The adhesion of P. endodontalis to the epithelial cells of the gingival sulcus differs from the adhesion of P. gingivalis. P. endodontalis is less able to adhere to gingival cells compared to P. gingivalis because it does not have fimbriae Citation27. P. endodontalis also does not produce a trypsin-like enzyme that other pathogens use for the destruction of periodontal tissue and does not exhibit hemagglutination activity Citation6. However, P. endodontalis has collagenases and proteases, enzymes that can also aid in the destruction of supporting tissues Citation27. T. forsythia also does not have fimbriae, reducing its capacity to colonize and invade periodontal tissue. However, it expresses a protein, BspA, that has a domain similar to a domain present in the fimbriae protein of P. gingivalis and induces inflammatory cytokine production in mammalian cells. These characteristics may contribute to the greater correlation between P. endodontalis and T. forsythia when compared to the correlation between P. endodontalis and P. gingivalis Citation3.

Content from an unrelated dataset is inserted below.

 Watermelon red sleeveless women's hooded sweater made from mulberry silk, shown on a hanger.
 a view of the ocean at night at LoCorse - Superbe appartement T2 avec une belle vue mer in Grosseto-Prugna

The present study demonstrated significant correlations between the numbers of bacterial cells of the three pathogens tested in the diseased group. The diseased sites had increased numbers of pathogens compared to the healthy sites. Therefore, the presence and amounts of P. endodontalis, P. gingivalis and T. forsythia in the subgingival environment may influence the local development of periodontal disease. Our data support the study of Dahlén and Leonhardt Citation7 that proposed the addition of P. endodontalis to the list of microorganisms that are used in the microbiological diagnosis of periodontal disease.

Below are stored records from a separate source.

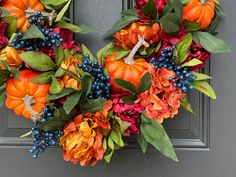 Bursting with fall hues, this vibrant oval wreath combines pumpkins, rich hydrangeas and peonies, and plump berries to create a dynamic, full-bodied look. The reds, oranges, and deep greens give a warm, welcoming feel to any space, whether indoors or covered outdoors. Perfect for those looking for a bold statement piece to celebrate the richness of the autumn season. (Psst...Have an extra tall door? Or narrow entryway? This wreath is a perfect fit for unique spaces.) Faux Peonies, Table Wreath, Oval Wreath, Wreath Hangers, Narrow Entryway, Blue Berries, Grape Harvesting, Harvest Wreath, Harvest Thanksgiving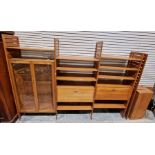 1970's Ladderax teak shelving unit for Staples, four section with a two-door glazed display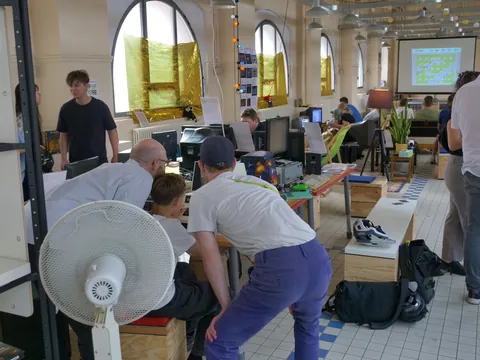 Teilnehmer eines Workshops arbeiten an Computern in einem Raum mit Bogenfenstern und Beamer.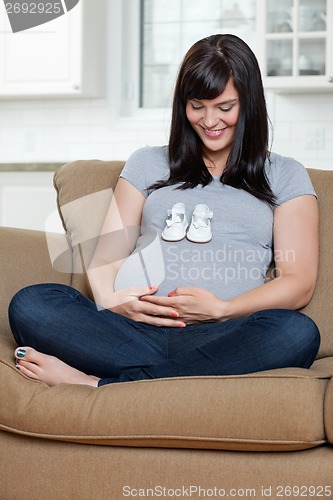 Image of Pregnant Woman Looking At Baby Shoes On Her Belly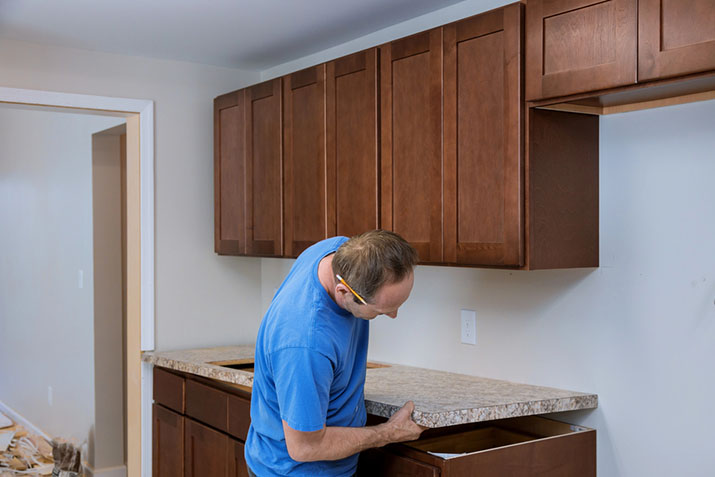 Worker putting countertops on in kitchen.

Thus, through a sensitive and specific qPCR method that is routinely used as a diagnostic tool for periodontitis, the association of P. gingivalis and T. forsythia was confirmed; these pathogens were found in higher proportions in affected sites than in healthy sites. We also noted a higher incidence of P. endodontalis in sites with periodontal disease than in healthy sites.

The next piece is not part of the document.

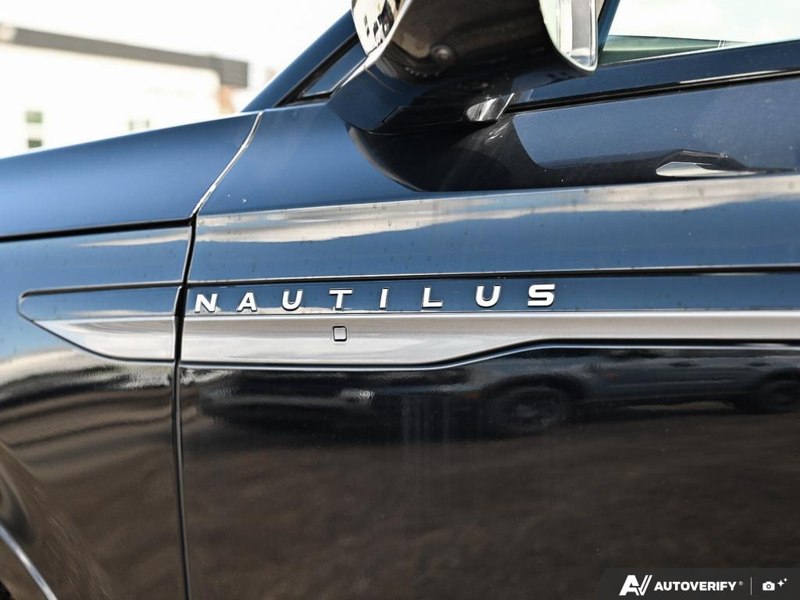 NEW 2026 Lincoln Nautilus Reserve Hybrid - Infinite Black Metallic Clearcoat Exterior / HOT CHOCOLATE, PREMIUM LEATHER-TRIMMED HEAT/VENT CAPTAIN'S CHAIR Interior - $83,586 - Stock #E61028 - VIN 5LMPJ8K49TJ064653 - Photo 27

Despite the short term evaluation and small number of patients in this study, our results suggest that P. endodontalis, in addition to P. gingivalis and T. forsythia, can be found at high levels in diseased periodontal sites of periodontitis patients without periapical lesions when compared to healthy sites. Furthermore, a significant reduction in the numbers of P. endodontalis, P. gingivalis, and T. forsythia after mechanical periodontal therapy was observed.

Longitudinal studies with longer evaluation periods of 6 months to 1 year after periodontal treatment and controlled studies involving higher numbers of patients should be conducted to confirm our data and to clearly assess the pathogenic potential of P. endodontalis during the course of periodontal disease.

Conflicts of interest and funding

This manuscript does not have any kind of conflicts of interest and funding came from support by the FAPESP (Fundação de Amparo à Pesquisa do Estado de São Paulo) – Grant 2009/53308-7.

Acknowledgements

The authors thank the financial support from FAPESP (Fundação de Amparo à Pesquisa do Estado de São Paulo, grants 2009/53308-7; São Paulo, Brazil).